Science fiction writers have often mused about the merger of humans and machines. But while RoboCops and bionic superheroes aren’t likely to fight evil anytime soon, some exciting wearable smart technologies are already here. They may not match Tony Stark’s Iron Man suit, but they are enabling ordinary people to interact with the wider world — and the Internet of Everything (IoE) — in intriguing (and sometimes stylish!) ways.

So, if you think your smart device is generating and processing a lot of data today, get ready for an even closer connection with your personal technology in the near future. Wearables are infusing sensors into bands, watches, shoes, shirts, bras, glasses, earrings, necklaces, and helmets. And these technologies are ready to generate reams of data — as well as real-time insights — about the ways in which we live, play, learn, work, exercise, maintain health, you name it.

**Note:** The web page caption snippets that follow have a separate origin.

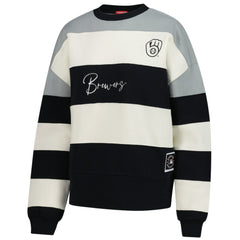 Milwaukee Brewers Women's Cooperstown Collection Blocked Fleece Pullover Sweatshirt- Gray/Black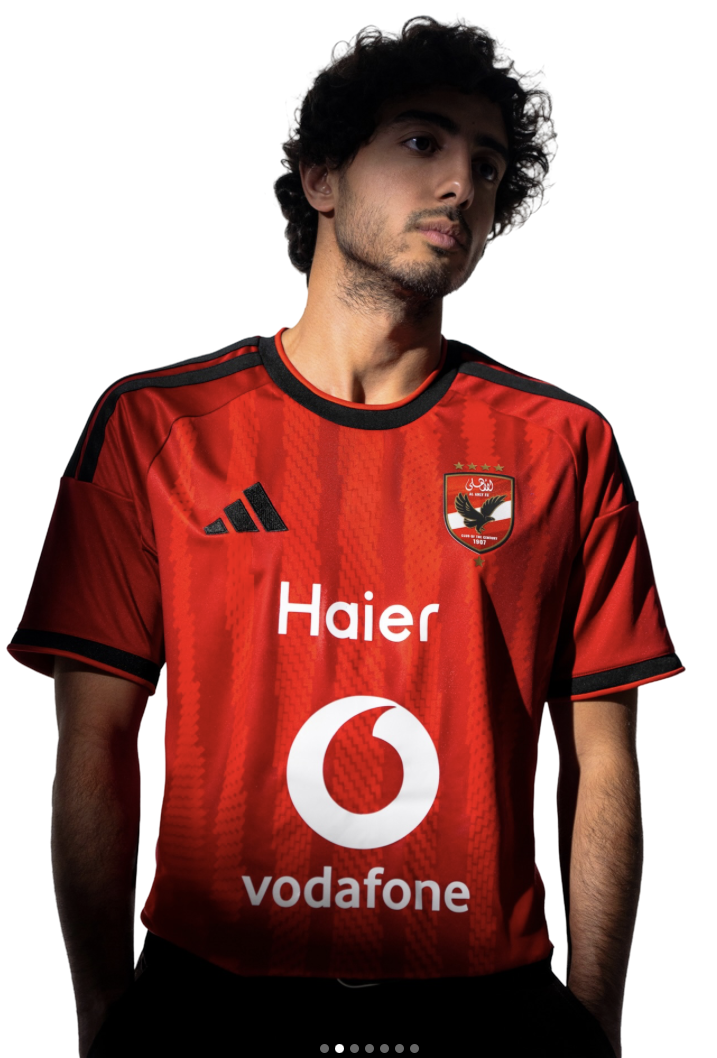 Vodafone Egypt ambassador in an Al Ahly jersey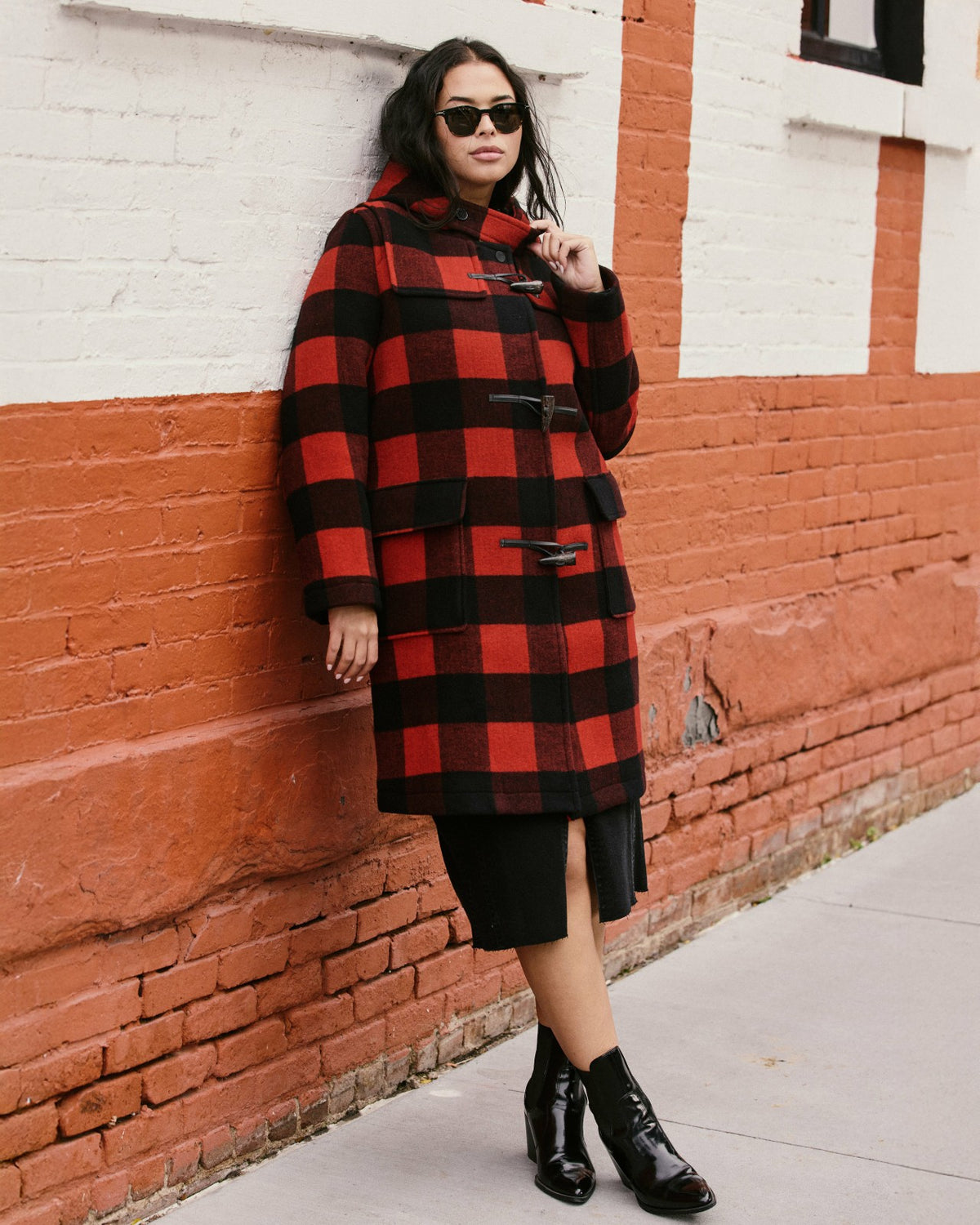 Highlands Duffle Coat - Red Buffalo Check | Universal Standard
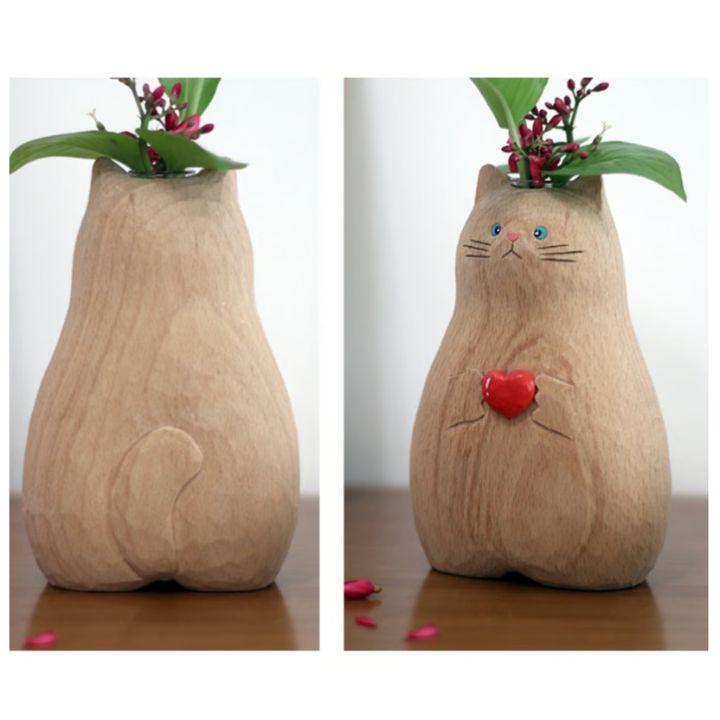 Katzen-Holzvase – Deko & Geschenk für Katzenfreunde Mivoza Deutschland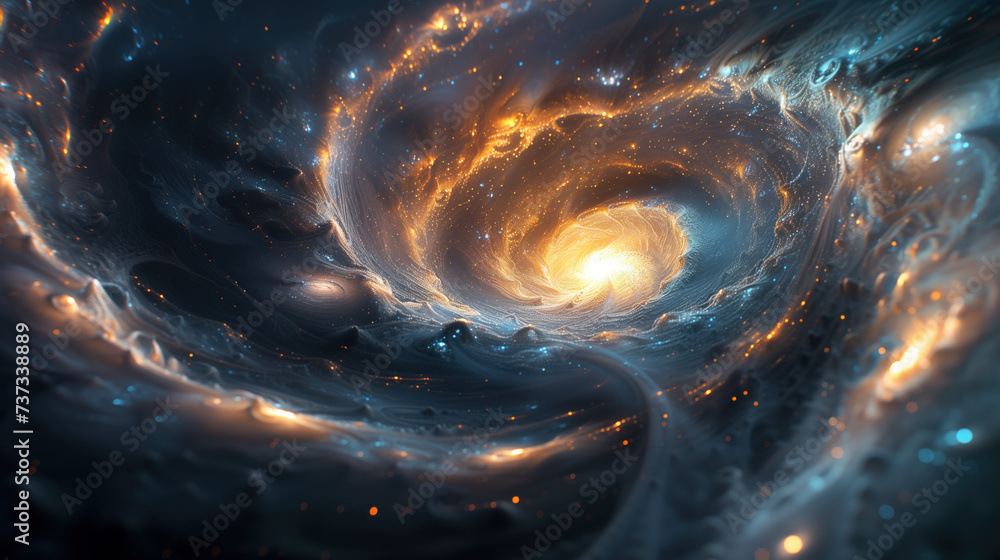galactic sproul, cosmic vortex - obrazy, fototapety, plakaty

I expect wearables to be a core topic of conversation at the Internet of Things World Forum in Barcelona later this month. As a further evolution of IoT, IoE is all about connecting people, processes, data, and things in amazing new ways. And while we often hear about IoE’s potential to transform supply chains, factories, retailers, and assorted megaprojects, wearables are a good reminder that the people element of connecting the unconnected is paramount. Armed with these new technologies — and the ability to connect via the key pillars of IoE, such as cloud, mobility, video, and analytics —individuals will be able to monitor and quantify their lives like never before. Wearables add another dimension to the Quantified Self movement, which I covered in a previous blog.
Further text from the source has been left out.